The Transformers: Hearts of Steel is a comic book miniseries published by IDW Publishing. It was intended to be part of a comic book line titled The Transformers: Evolutions, following the same idea of DC Comics' Elseworlds series. Each series was to create an alternative reality: a continuity in a different time era during which the Transformers would exist. In other words, the Transformers can exist at places and at points in time that would not be possible in the current 'IDW-verse'. As of 2007, only the Hearts of Steel series was produced, which is set in the United States during the Industrial Revolution. The rest of the series was cancelled, likely due to poor sales and IDW had announced that there would be no more Evolutions series until after the 2007 movie, as Hasbro did not want to make things confusing with more alternate universe tales.

==Story==
===Hearts of Steel timeline===
The story begins with the Autobots and Decepticons waging war on Earth around the time of a previous ice age. No explanation is given how they arrived on Earth, but their alternate modes are metallic fantasy beasts. The freezing temperatures and lack of energy forces both sides to take shelter and lie dormant for eons. The Autobots retreat to a cave while the Decepticons are later seen underwater.

At some point during the Industrial Revolution, noise outside their cave awakens the Autobot Bumblebee. He ventures outside the cave to discover the planet's new dominant species — man, and that they have developed steam powered technology and the capacity to build railroads. He observes some men, featuring the famous John Henry enjoying the labor of driving spikes into the ground for a new railroad. Bumblebee changes his alternate form to be a steam-powered spike driver and helps the humans who are unaware of his true robotic nature.

Meanwhile, the Decepticons awaken and start plans to take over Earth. Starscream is acting commander while Megatron is still powered down, predictably planning to destroy him while he is inactive and defenceless. When Shockwave approaches failed inventor Tobias Muldoon to assist them with the technology of the age, the Decepticons begin their plans in earnest. The Insecticons, who transform into a combined battle train, rob a bank train to help fund the building of their base. John Henry finds out about the Decepticon train robbery and informs Bumblebee, who then tells his fellow Autobots.
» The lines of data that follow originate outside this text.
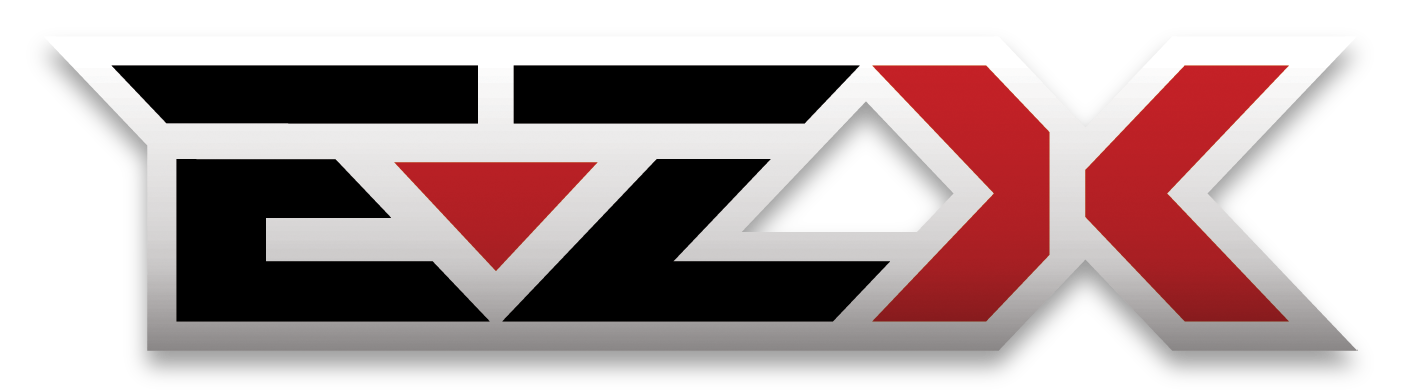 EZX_Logo 1.png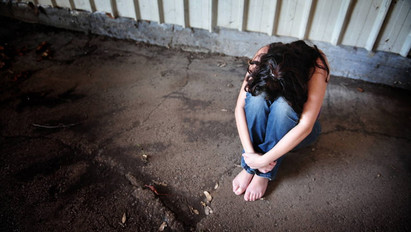13 éves lányt erőszakolt ájultra a rettegett drogbáró
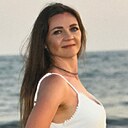 Гузель, 38 лет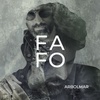 Logo FAFO en Piano Bar - Entrevista y acústico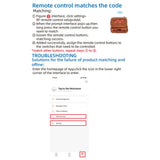 DC 5V-32V Intelligence WiFi Relay Module 5V 12V 24V Wireless WIFI Module Things Smart Home Remote Control Switch
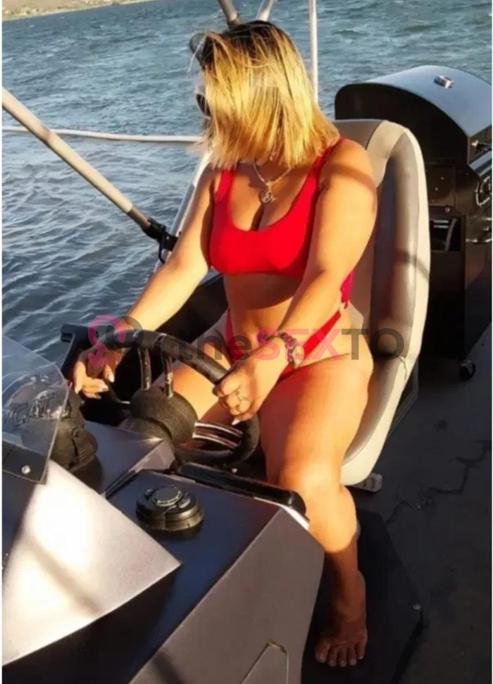 Prostituta RUBIALATINA, +34624862026, Aranda del Duero, 1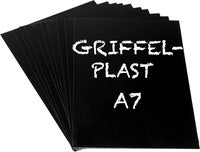Griffelplast A7 10 st/fp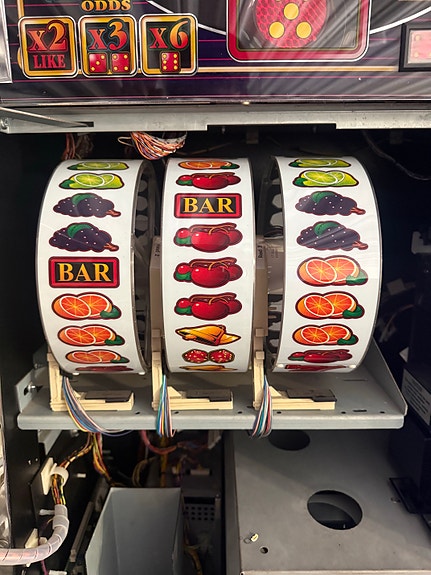 Product image 9 of 9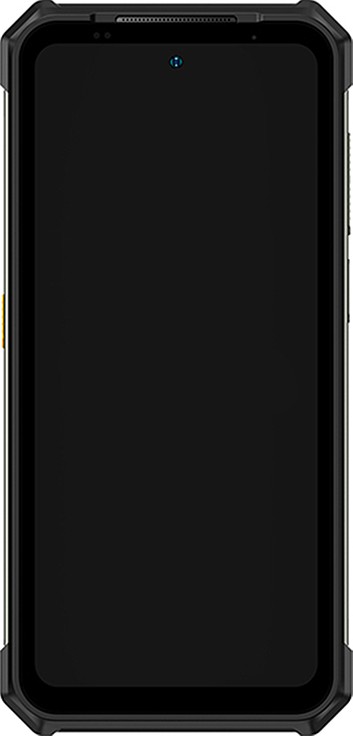 Ulefone Armor 24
Muldoon, meanwhile has realized Starscream's true intentions. Gathering support from the author Mark Twain after Ravage tries and fails to kill him, Muldoon and his friends aim to stop the Decepticons from reaching New York City and capturing an experimental electrical generator, which Starscream plans to use to destroy Megatron. Linking up with Henry and the Autobots, the heroes survive an attack from Scourge (reconfigured as a Zeppelin) and manage to divert the Decepticon train convoy into a chasm. The Autobots return to hibernation as the humans speculate on their fate.

===Infestation 2===
The Hearts of Steel universe was later be play part of Infestation 2, where they fought against the Great Old Ones, who broke free from their interdimensional prison as a result of the stories of H. P. Lovecraft.

===The X-Files: Conspiracy===
The Hearts of Steel characters later played a role in present day during the crossover event series The X-Files: Conspiracy.

===Hasbro Comic Book Universe===
The Hearts of Steel would somehow appear in the Hasbro Comic Book Universe, being held prisoners by the cabal of Baron Ironblood. At this point it is revealed that the characters from the Hearts of Steel series are not from Cybertron but actually from Eukaris, one of Cybertron's lost colonies. They crash landed on Earth due to the effects of the Talisman wherein Shockwave found them and altered their memories to make them think they were the Cybertronian characters they portrayed. This allowed Shockwave to see how the Great War would play out using "copies" of the primary participants. By the time of the Second World War, only "Shockwave" and "Bumblebee" remained. After being taken in by Baron Ironblood and Garrison Kreiger, "Bumblebee" would eventually shake off his mental conditioning and return to his original identity of the Eurakian known as Centurion.

==Setting==
=== Characters ===
The time period allows for appearances by human characters such as Mark Twain, Jules Verne and John Henry.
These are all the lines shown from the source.